:: Prompt ::
From the material below, copy exactly the lines beginning with the one that contains "A gazebo with" and ending with the one that contains "From left: Australia's"; the pictures stay out.

═══ Supplied data ═══

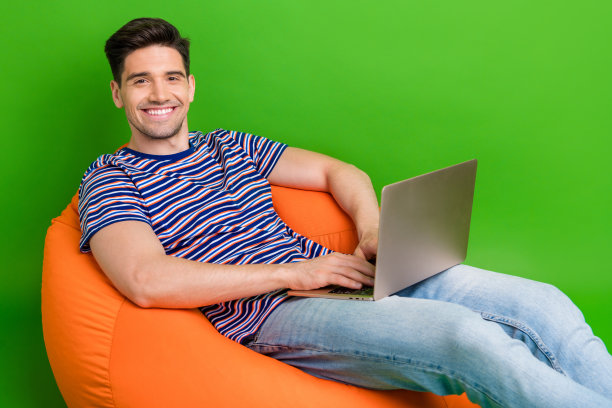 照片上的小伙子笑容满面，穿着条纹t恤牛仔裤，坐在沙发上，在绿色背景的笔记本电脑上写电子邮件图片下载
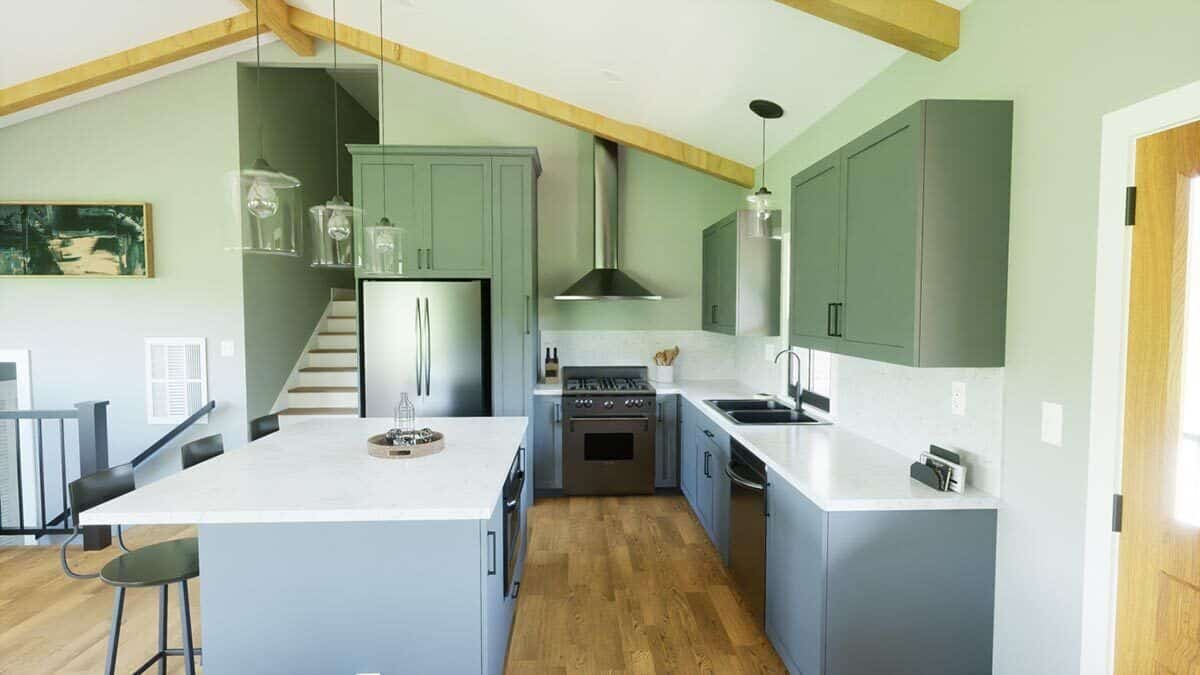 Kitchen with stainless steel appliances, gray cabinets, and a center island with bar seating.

═══
═══ Supplied data ═══

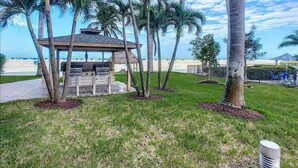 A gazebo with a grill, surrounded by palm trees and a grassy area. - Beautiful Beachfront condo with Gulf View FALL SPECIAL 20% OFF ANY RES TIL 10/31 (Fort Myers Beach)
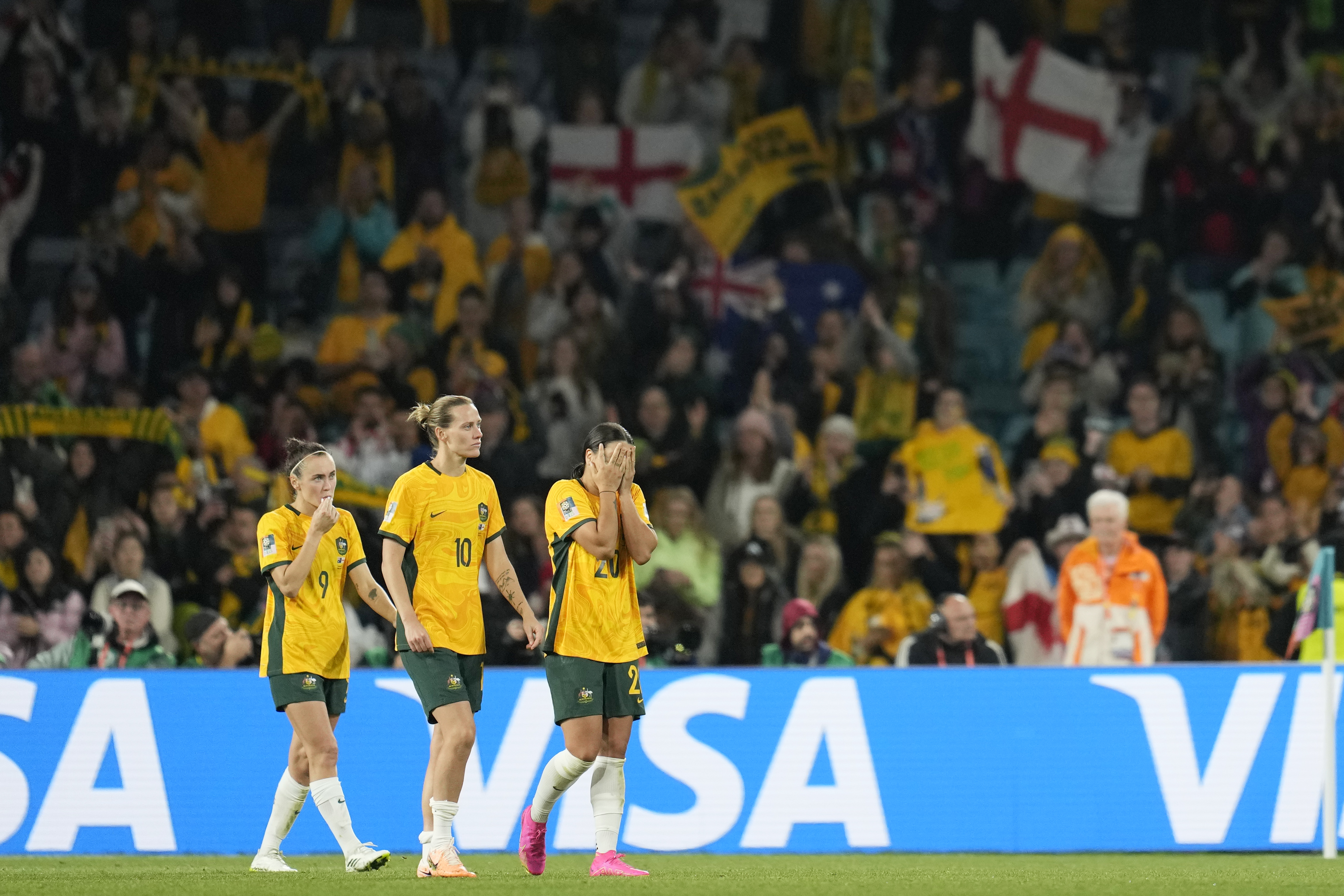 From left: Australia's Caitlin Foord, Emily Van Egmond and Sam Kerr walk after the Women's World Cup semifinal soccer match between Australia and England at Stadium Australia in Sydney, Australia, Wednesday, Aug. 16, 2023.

═══
═══ Supplied data ═══

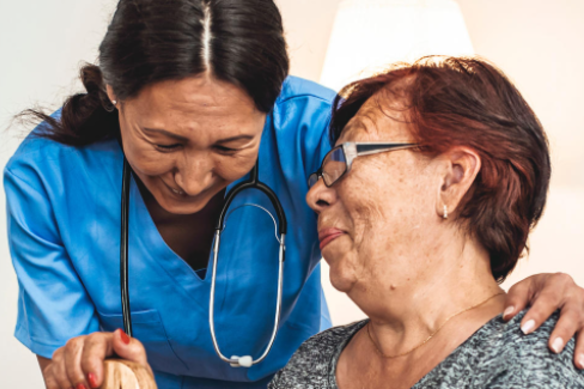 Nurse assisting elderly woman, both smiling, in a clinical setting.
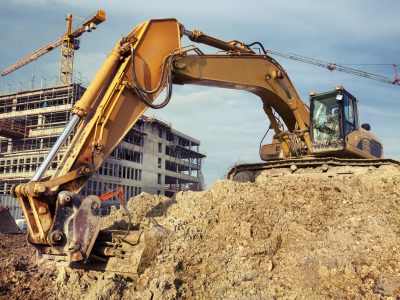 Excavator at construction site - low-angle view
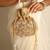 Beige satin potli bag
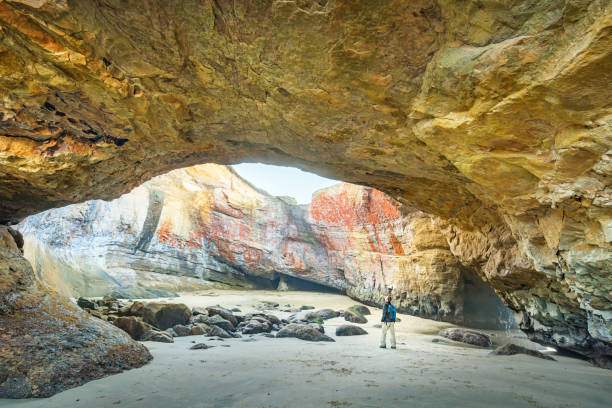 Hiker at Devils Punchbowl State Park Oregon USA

═══

:: Exercise response ::
 A gazebo with a grill, surrounded by palm trees and a grassy area. - Beautiful Beachfront condo with Gulf View FALL SPECIAL 20% OFF ANY RES TIL 10/31 (Fort Myers Beach)
 From left: Australia's Caitlin Foord, Emily Van Egmond and Sam Kerr walk after the Women's World Cup semifinal soccer match between Australia and England at Stadium Australia in Sydney, Australia, Wednesday, Aug. 16, 2023.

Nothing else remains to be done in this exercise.